### Task material
┄┄┄┄┄┄┄┄┄┄
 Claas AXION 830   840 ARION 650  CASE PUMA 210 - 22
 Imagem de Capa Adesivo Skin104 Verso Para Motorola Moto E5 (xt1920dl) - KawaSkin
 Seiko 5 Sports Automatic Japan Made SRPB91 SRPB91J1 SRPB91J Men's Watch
┄┄┄┄┄┄┄┄┄┄
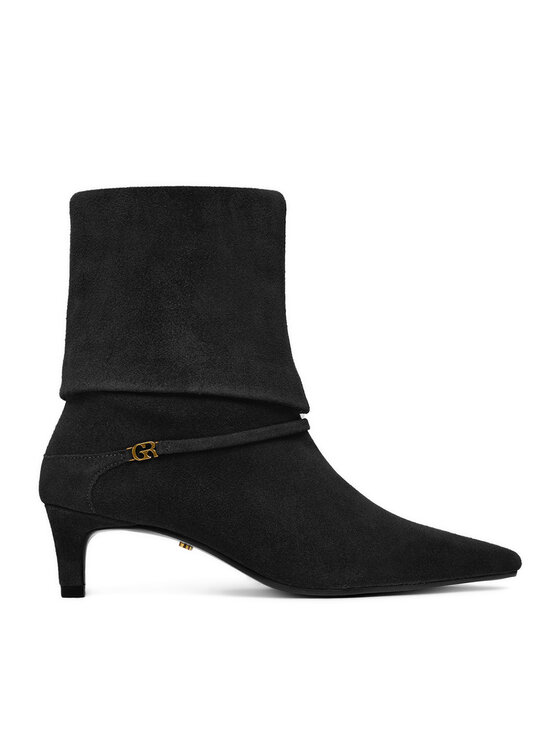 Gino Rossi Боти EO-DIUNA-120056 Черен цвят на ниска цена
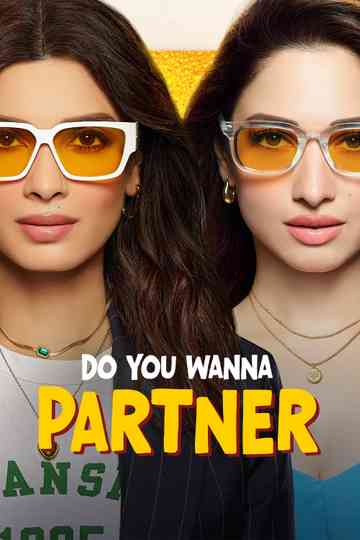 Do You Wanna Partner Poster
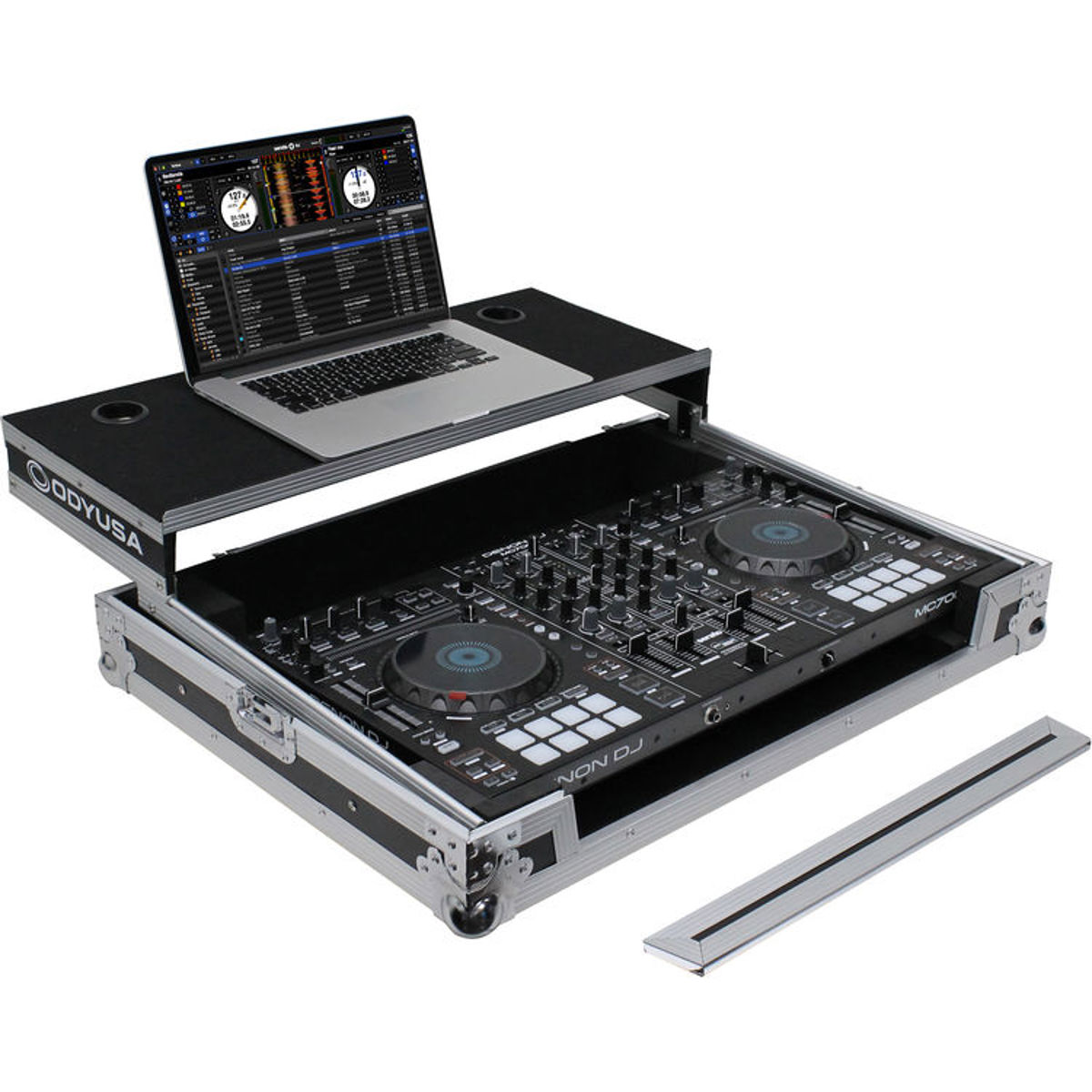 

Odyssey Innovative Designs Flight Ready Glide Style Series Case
┄┄┄┄┄┄┄┄┄┄
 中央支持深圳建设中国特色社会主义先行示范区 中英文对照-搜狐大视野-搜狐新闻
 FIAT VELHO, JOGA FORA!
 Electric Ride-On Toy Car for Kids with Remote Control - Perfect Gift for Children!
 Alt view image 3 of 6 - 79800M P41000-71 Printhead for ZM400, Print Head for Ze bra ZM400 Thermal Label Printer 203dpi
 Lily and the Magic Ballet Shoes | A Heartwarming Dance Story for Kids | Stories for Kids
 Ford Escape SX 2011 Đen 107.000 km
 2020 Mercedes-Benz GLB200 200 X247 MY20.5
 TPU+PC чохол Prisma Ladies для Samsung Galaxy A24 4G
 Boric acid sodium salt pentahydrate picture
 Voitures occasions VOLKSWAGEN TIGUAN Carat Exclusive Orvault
┄┄┄┄┄┄┄┄┄┄
### Problem to solve
As the answer, set down only the lines from the data above between the one holding "Claas AXION 830" and the one holding "Seiko 5 Sports", inclusive, exactly as they read.

### Exercise response
 Claas AXION 830   840 ARION 650  CASE PUMA 210 - 22
 Imagem de Capa Adesivo Skin104 Verso Para Motorola Moto E5 (xt1920dl) - KawaSkin
 Seiko 5 Sports Automatic Japan Made SRPB91 SRPB91J1 SRPB91J Men's Watch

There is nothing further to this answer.